While doing some of the research on the New King James Version (NKJV) translation, I ran across a statement about the translators in What Today’s Christian Needs to Know about the New King James Version. The booklet mentions that “Interestingly enough, there were nine scholars who worked on both the NKJV and the New International Version” (p. 2).

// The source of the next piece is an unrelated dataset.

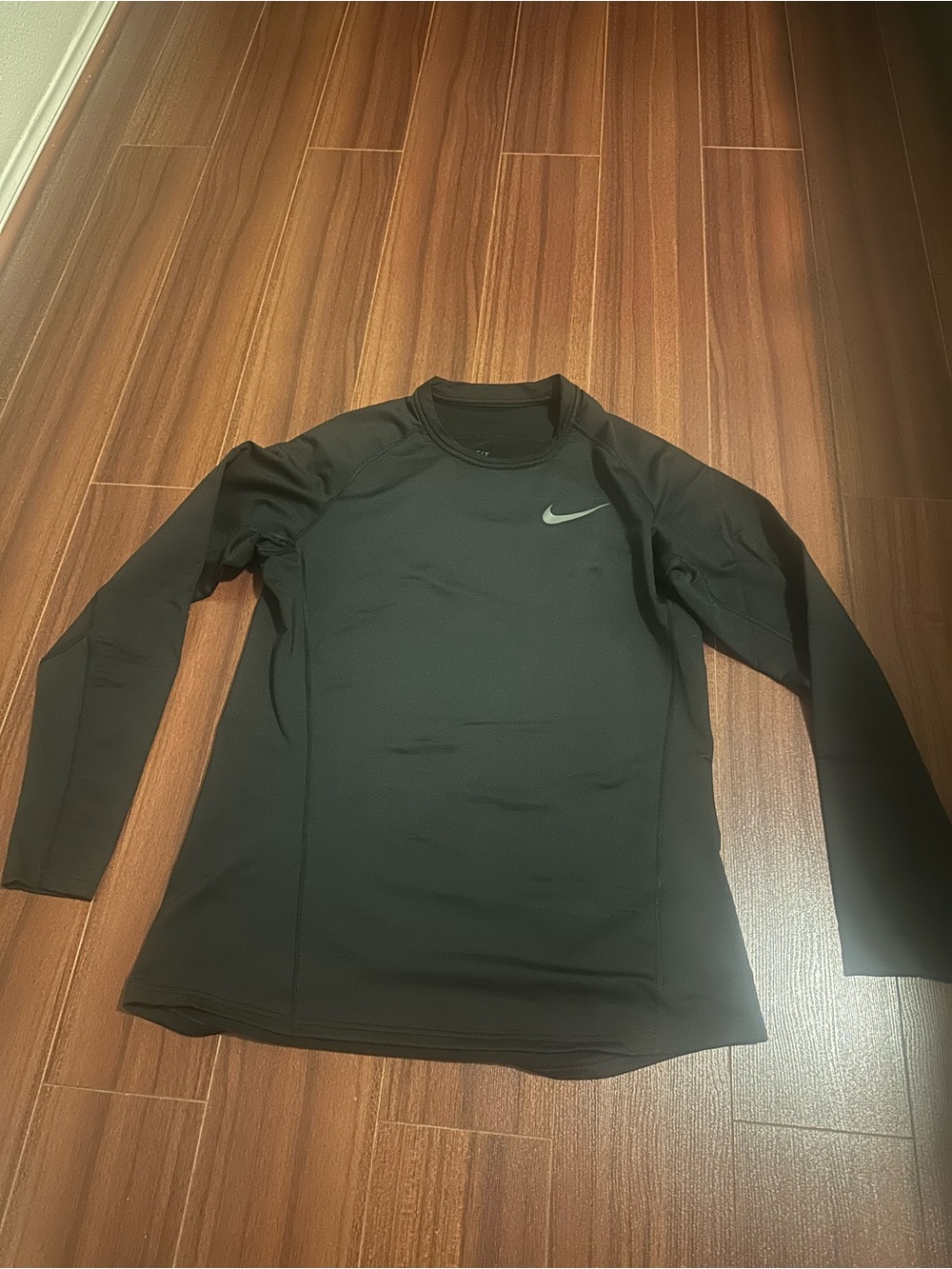 Nike Black Long Sleeve Performance Top with Silver Swoosh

The booklet does not mention who are the nine. I looked through some lists and found seven names in common:
- Edward M. Blaiklock, University of Auckland
- Lewis A. Foster, Cincinnati Bible Seminary
- Louis Goldberg, Moody Bible Institute
- Roland K. Harrison, Wycliffe College, Toronto
- Meredith G. Kline, Gordon-Conwell Theological Seminary
- G. Herbert Livingston, Asbury Theological Seminary
- Charles C. Ryrie, Dallas Theological Seminary
To make the comparisons between committees, I looked at The NIV Committee on Bible Translation and New King James Version at Bible Researcher, as well as NKJV Translators at Darkness to Light/Zeolla.org. The “NKJV Teams” (translators, reviewers, consultants, and editors) are listed in “Appendices A-D,” on pages 141-159 of The New King James Version: In the Great Tradition by Arthur L. Farstad.
Ryrie’s tenure with the NIV and NKJV would not have been at the same time, but he did work on both. He is listed as an NIV translator who resigned in 1977, and served on the NKJV review committee created in 1984. Livingston is listed as an NIV translator, and worked on the OT review committee for the NKJV. Blaiklock was a translator on the NKJV, and a consultant on the NIV. The other four apparently worked as translators on both projects. However, Harrison’s NKJV translation work seems to have been in 1984, though he had previously worked as a reviewer of the NKJV Old Testament.
I did not find the other two, though I could have simply missed them. My list is at seven, while theirs is at nine. The author may have worked from other lists of translators that were slightly different from those I found. On the other hand, there might be two people mistaken as the same person. For example, Alfred Martin and Alvin Martin could have been mistook as the same person, either by the researcher or perhaps on some lists.
Yes, it is interesting to find some of the translators on both committees of these two very different Bible projects. The booklet referred to above concluded “it is difficult to understand how these men could work on both translations.” Or, perhaps not, since the NKJV translators were not committed proponents of the Textus Receptus, but rather preferred either the Critical Text or Majority Text.